筆とまなざし#254「ロック・クライミングの聖地、六甲山でワーク・イン・レジデンス」
成瀬洋平
- 2021年12月01日
この地にゆかりのある本とともに。2週間の滞在スタート。
縁あって、12月1日から2週間ほど六甲山にあるROKKONOMADというシェアオフィスに滞在することになりました。今年3月にスタートした標高800m近い山上にある施設で、ワーク・イン・レジデンスとして滞在しながら仕事をしてみませんか? とお声がけいただいたのです。
六甲といえば、日本で最初に「ロック・クライミング」が行なわれた場所。日本のアルピニズム発祥の地といわれる由緒正しい山域です。堡塁岩、烏帽子岩、北山公園など古くからクライマーに親しまれてきた岩場はいまでも賑わう関西を代表するクライミングエリアです。
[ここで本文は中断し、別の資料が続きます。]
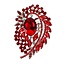 Stepping Out Brooch - Red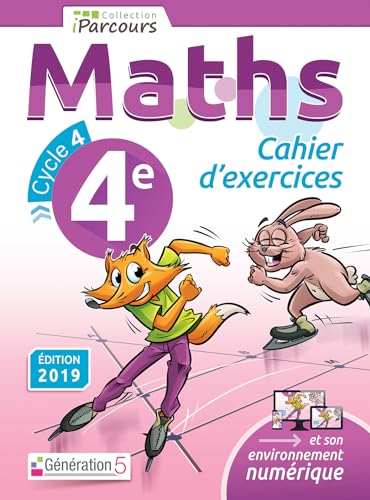 Stock image for Cahier d'Exercices iParcours Maths 4e (2019) for sale by Ammareal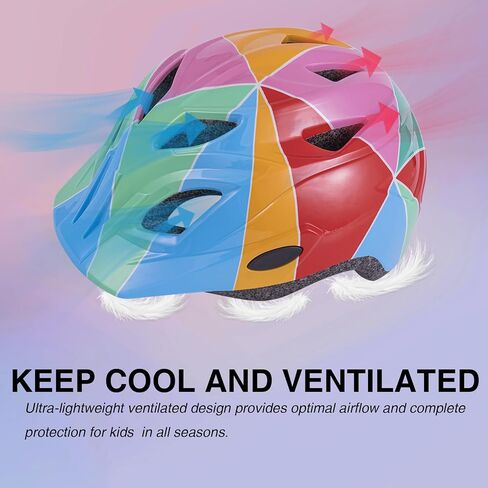Kids Bike Helmet Boys and Girls 5-8-10 Visor Helmet for Kids Lightweight Safety Certified,Toddler Bike Cycling Skating Skateboard Scooter Helmet in Saudi Arabia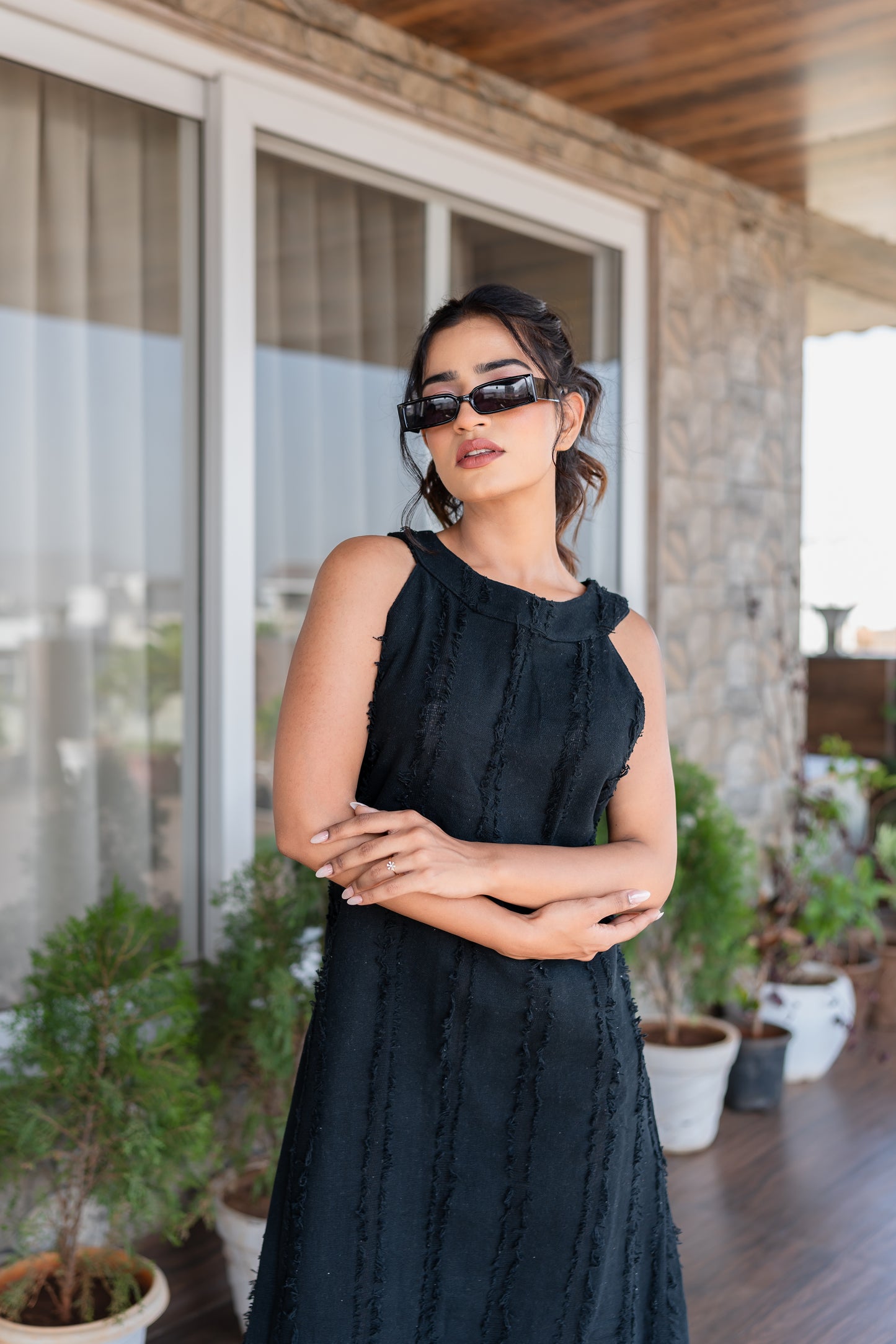 Black Necklace Dress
明治時代後期、この地で岩登りに興じる英国人にならって、日本人のなかにもロック・クライミングを始める人々が出てきました。なかでも、朝日新聞神戸支局長を務めていた登山家・藤木九三は大正13年に日本で初めて岩登りを主目的とした山岳会「ロック・クライミング・クラブ(RCC)」をこの地に創設。点在する岩場をクライミングのトレーニング場とし、一帯を「ロック・ガーデン」と命名しました。藤木は日本初のクライミング技術書『岩登り術』の著者としても知られています。この場所でクライミングを練習し、日本アルプスの岩壁はもとよりヨーロッパアルプスなど海外の山にも出かけました。六甲の岩場は、いまでいえばクライミングジムのような存在だったのかもしれません。
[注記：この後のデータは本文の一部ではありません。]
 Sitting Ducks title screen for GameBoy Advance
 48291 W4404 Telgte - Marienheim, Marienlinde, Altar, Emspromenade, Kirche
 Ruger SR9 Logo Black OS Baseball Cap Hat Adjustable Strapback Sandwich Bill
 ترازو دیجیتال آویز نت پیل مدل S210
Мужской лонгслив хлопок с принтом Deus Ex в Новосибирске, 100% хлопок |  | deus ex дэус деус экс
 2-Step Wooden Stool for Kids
旅に出るときはいつも、その場所にゆかりのある本を持っていきます。今回選んだのは藤木九三のエッセイ集『屋上登攀者』。六甲が当時のクライマーにとってどんな場所だったのか、そのことを知るための道標となってくれそうです。
六甲には六甲山をはじめさまざまな山がありハイキングも盛んです。地図を見ると縦横無尽に登山道が張りめぐらされています。岩に登り、山を歩き、絵を描き、そしてクライミング講習会も行なう予定。なんだか2週間はあっという間にすぎてしまいそうな予感がします。どんな風景に出会い、どんな人々に出会えるのか。いまからとても楽しみです。そして、この場所の登山文化を自分なりに紐解いてみたいと思います。